## [EXERCISE AIM]
Skip the pictures. Return exactly the lines from the one containing "Tee shirt unisexe" through the end of the entries below.

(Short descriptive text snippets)
= = = =

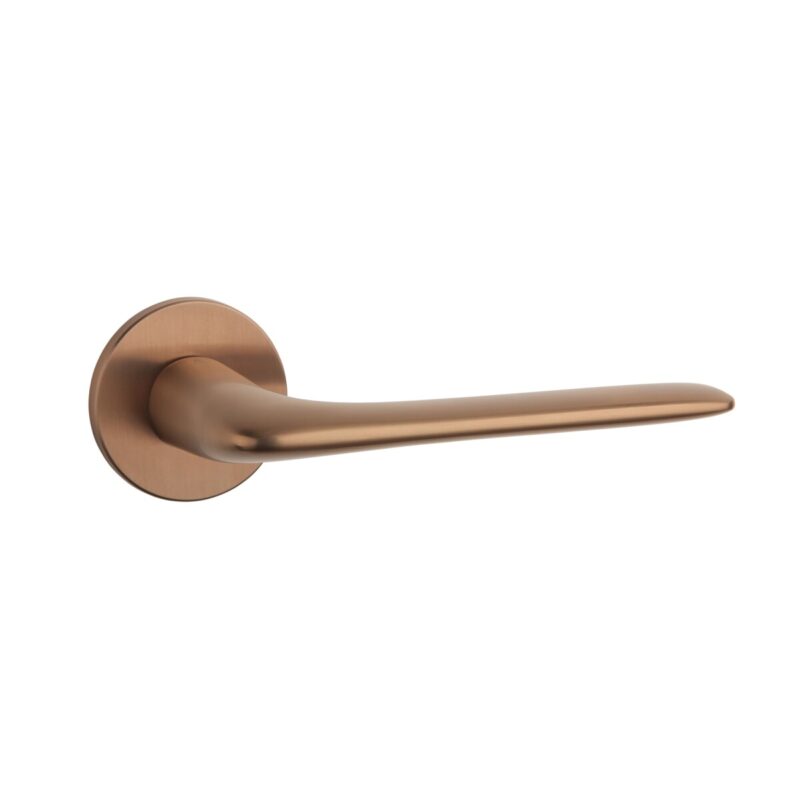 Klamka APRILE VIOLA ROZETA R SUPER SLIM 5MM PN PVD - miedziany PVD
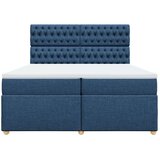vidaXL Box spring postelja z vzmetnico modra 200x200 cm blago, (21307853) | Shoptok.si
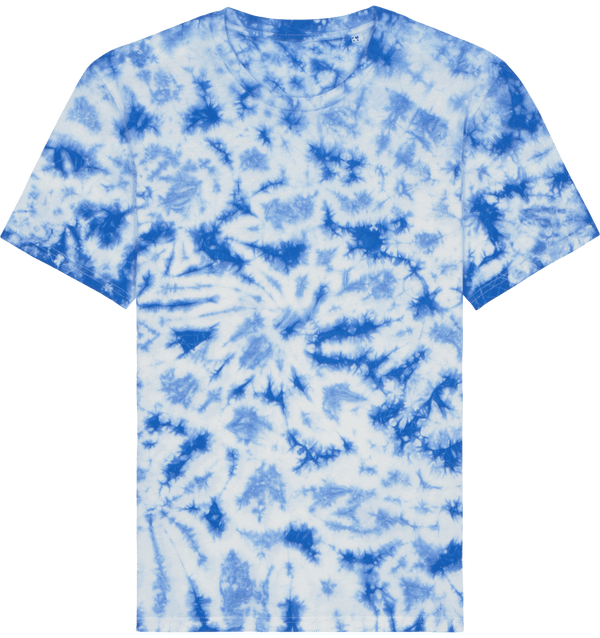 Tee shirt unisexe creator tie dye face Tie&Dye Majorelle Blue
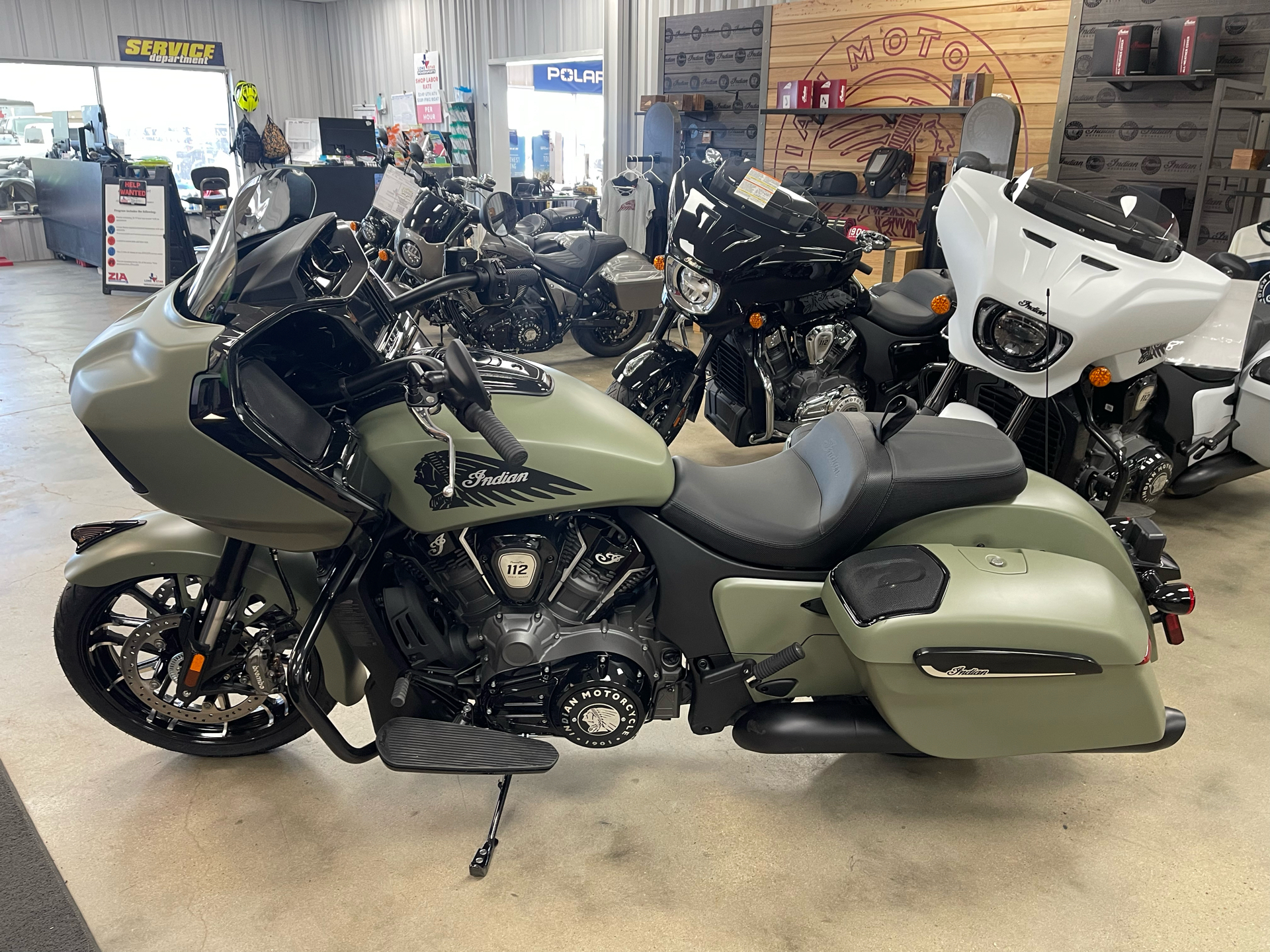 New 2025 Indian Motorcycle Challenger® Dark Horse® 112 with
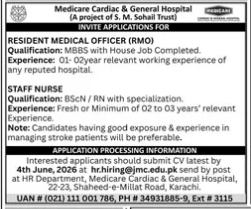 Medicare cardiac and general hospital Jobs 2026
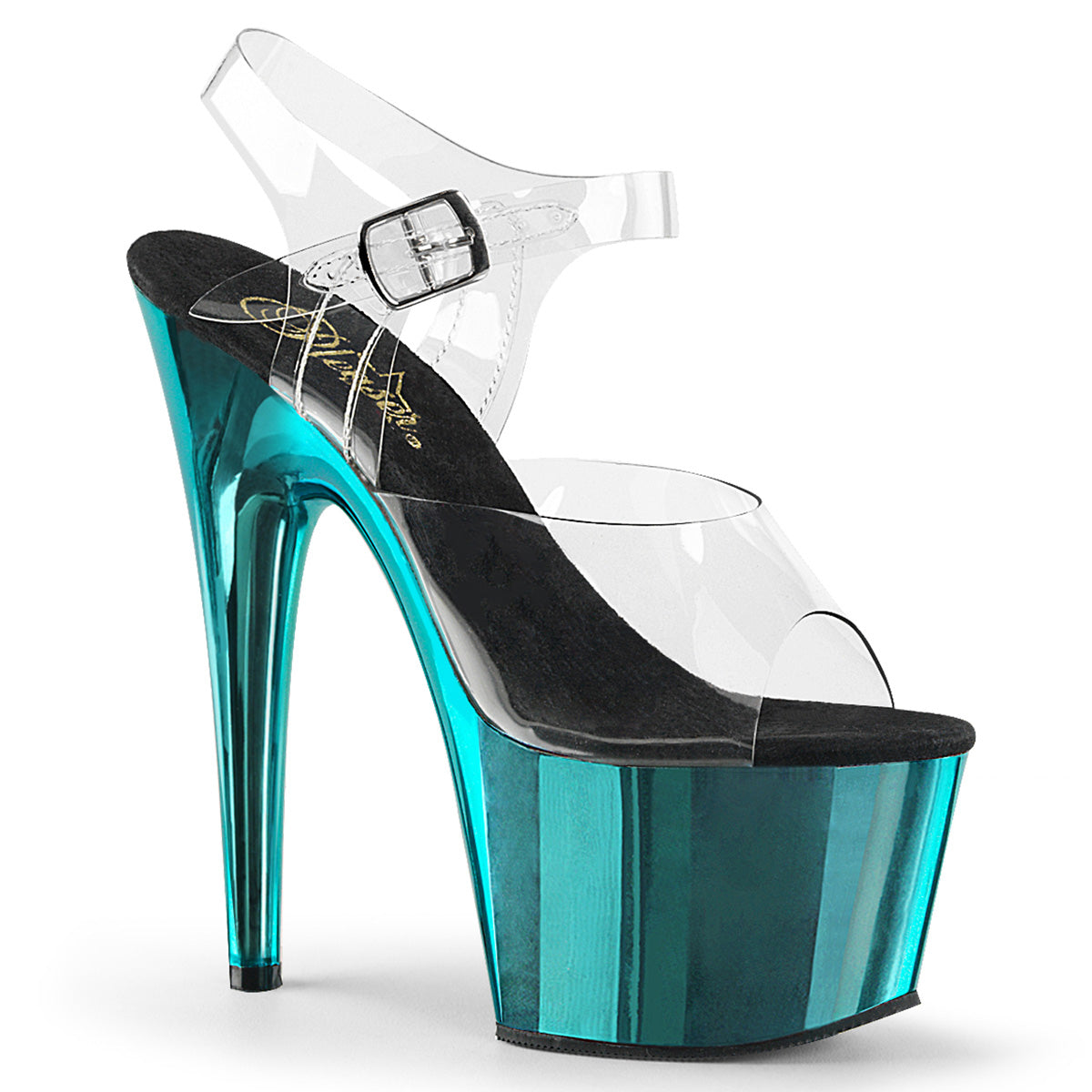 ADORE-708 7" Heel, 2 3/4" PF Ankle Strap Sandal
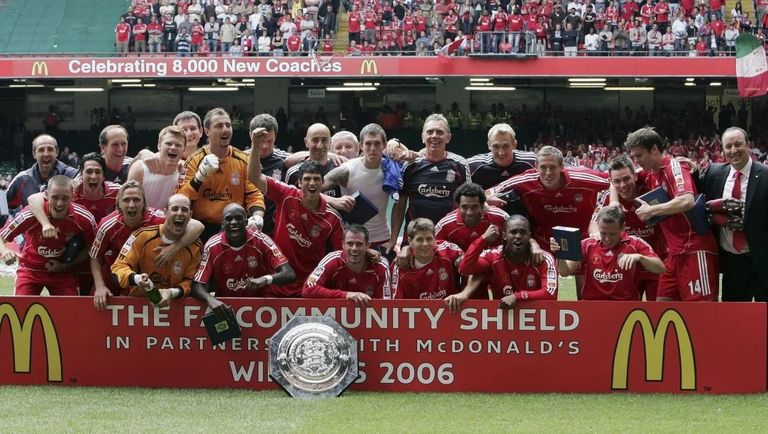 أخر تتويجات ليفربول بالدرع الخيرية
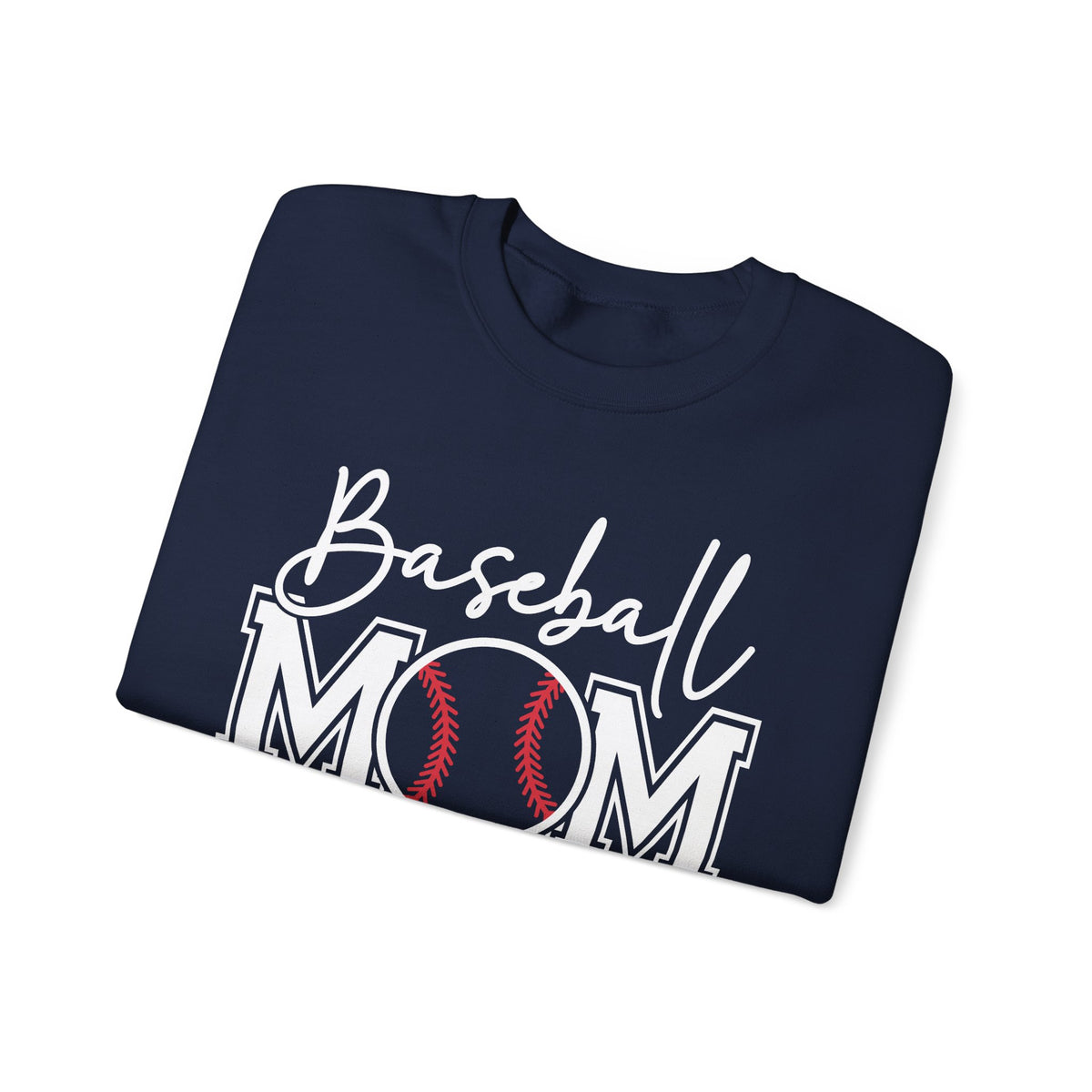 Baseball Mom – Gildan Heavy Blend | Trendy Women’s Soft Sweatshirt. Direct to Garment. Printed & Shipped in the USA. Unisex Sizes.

= = = =

## [SOLUTION FOR THIS PROBLEM]
 Tee shirt unisexe creator tie dye face Tie&Dye Majorelle Blue
 New 2025 Indian Motorcycle Challenger® Dark Horse® 112 with
 Medicare cardiac and general hospital Jobs 2026
 ADORE-708 7" Heel, 2 3/4" PF Ankle Strap Sandal
 أخر تتويجات ليفربول بالدرع الخيرية
 Baseball Mom – Gildan Heavy Blend | Trendy Women’s Soft Sweatshirt. Direct to Garment. Printed & Shipped in the USA. Unisex Sizes.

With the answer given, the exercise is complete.